After a couple of drinks, Charlie said, ‘It’s not surprising we’re feeling so low, Jack. I mean, to be so closely involved in such a tragedy, and then all the funerals.’
‘And the tragedy of the families. I’m haunted by their obvious grief, Charlie. I confess I still see their faces in bed at night. It puts me off my sleep just thinking about them.’
‘Have you tried a stiff whisky before you go to bed?’
‘Good idea.’
‘That’s what helps me.’
‘You feel the same then?’
‘Of course I do. We all do. We’d be inhuman not to be seriously affected by it. Let’s order another whisky now and on your way home, you can buy a bottle and start taking that bedtime drink.’
‘Don’t worry. I will.’
Although he doubted if even downing the whole bottle would cure how bad he felt.
4
‘But darling, I don’t want to move,’ Mae Kelly said. ‘It’s so convenient for the shops and everything.’
Jack groaned. ‘Don’t be ridiculous, Mae. It’s practically prehistoric. One room and kitchen and lavatory. Not even a bathroom. The house I’ve got the chance of has three bedrooms, a sitting room, a big dining room and a bathroom. And it’s in a beautiful situation. What could be better? At least come with me to see it.’
She certainly didn’t feel a hundred per cent happy about the move but where her handsome police officer husband went, she would go to. She adored the black-haired, cleft-chinned, dark-eyed Jack. She felt sorry for him too. He had been injured in the Ibrox disaster and was left with a painful limp. As a result, he worked permanent day shift behind the front desk of the local p
olice station.
‘We’ve been very lucky to get the chance of this Waterside Way house, especially with it being rented. On my wages, we’d never have enough cash to buy any property, but with all our savings over the years, we can just afford to rent.’
Mae hesitated. ‘You could get a mortgage, Jack.’
‘Now, Mae, you know how I feel about owing money.’
She did indeed. Jack always insisted that he’d never owed a penny in his life and never would. She admired him enormously for his strong principles. There were few people who had any principles at all these days. They lived very frugally but as a result, they each were even able to keep a savings account going.

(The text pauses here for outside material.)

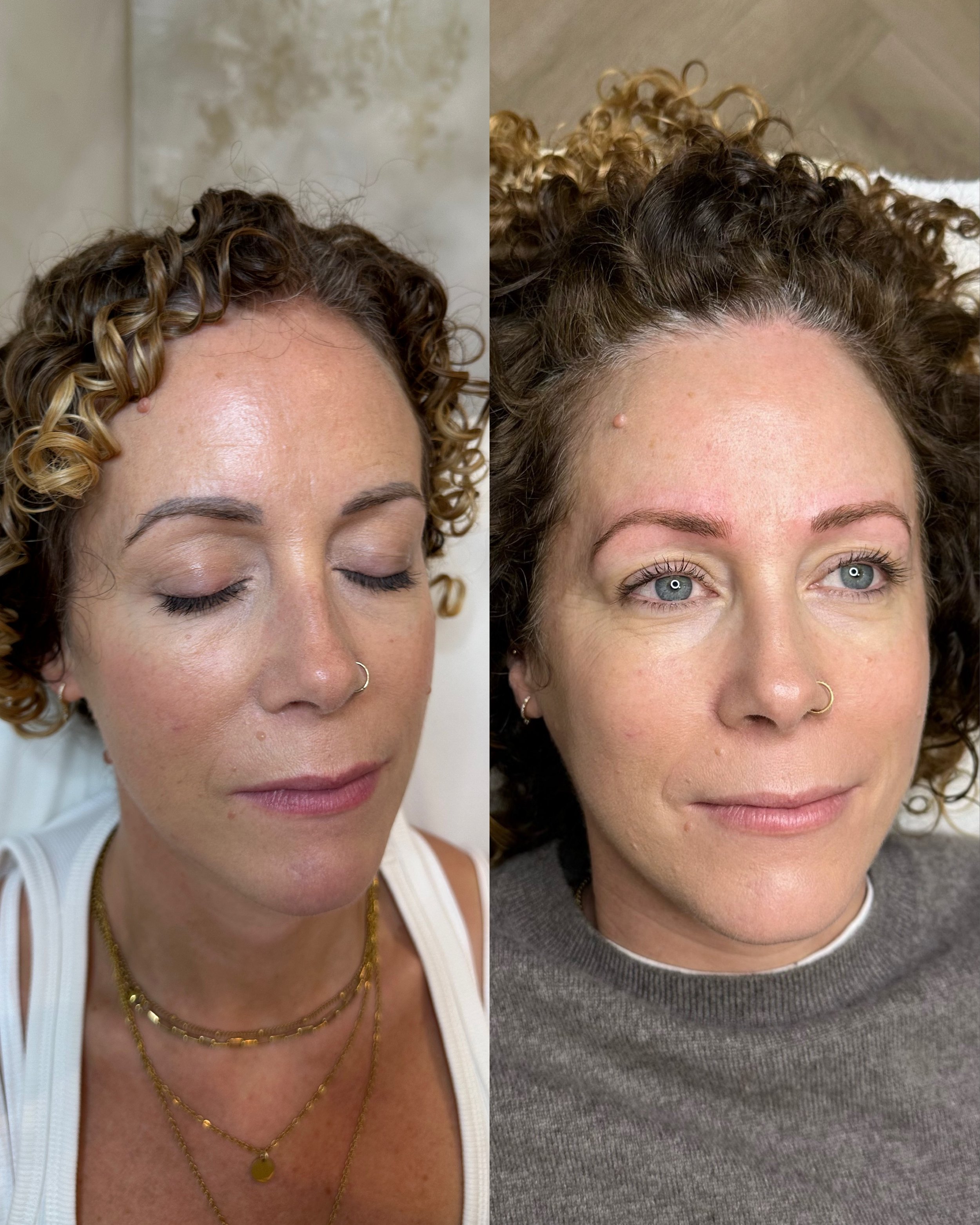 Before and after microblading removal and correction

She loved so many things about Jack, including his love making. He was so sexually passionate. And Jack was always right. As a result, she went along with him to look at the Waterside Way house. It was the first house in a row of seven houses, all joined together, each with a garage attached. There was a sitting room and a dining room and a kitchen downstairs and upstairs was a bathroom and three bedrooms. At the end of Waterside Way there was a path with a small wooden footbridge over a narrow part of the River Kelvin. At the other side of the river was a line of trees and a rough, steep slope stretching up beyond the trees. Eventually, in the distance, the back of the imposing Kelvingrove Art Galleries could be seen.

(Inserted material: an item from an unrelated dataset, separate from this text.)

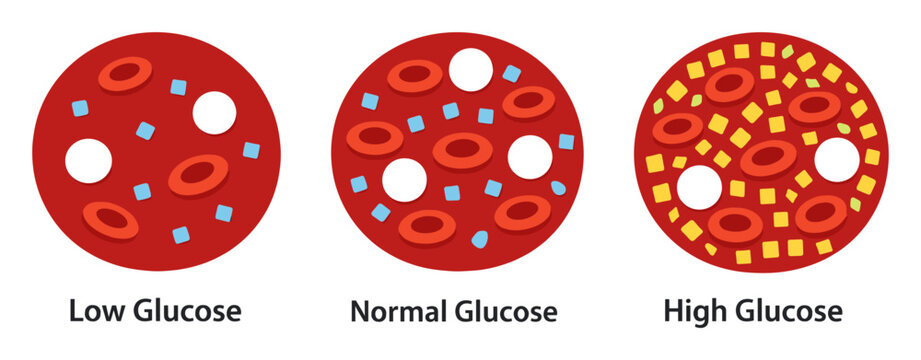Blood glucose levels illustration showing different concentrations of sugar molecules in the bloodstream, indicating hypoglycemia, normal, and hyperglycemia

‘What do you think?’ Jack asked.
‘Oh, it’s lovely,’ Mae said.
‘You’d better have a look out the back.’
There was a muddy slope at the back of the houses, then the slope reached down to the quiet Museum Road. Beyond was park land and then the University of Glasgow and the Hunterian Museum.
‘Actually, it’s got the best of both worlds,’ Jack said. ‘Like being in the country, yet near to town. So we’ll take it. OK?’
‘Yes, of course.’
Her heart warmed with love towards Jack. Trust him to get something wonderful like this. Probably he’d asked all the police officers on the beat to keep an eye open for somewhere nice. Anyway, now that she’d seen the place, she was happy and looking forward to the move. She could hardly wait. It was then, unexpectedly, that the trouble started.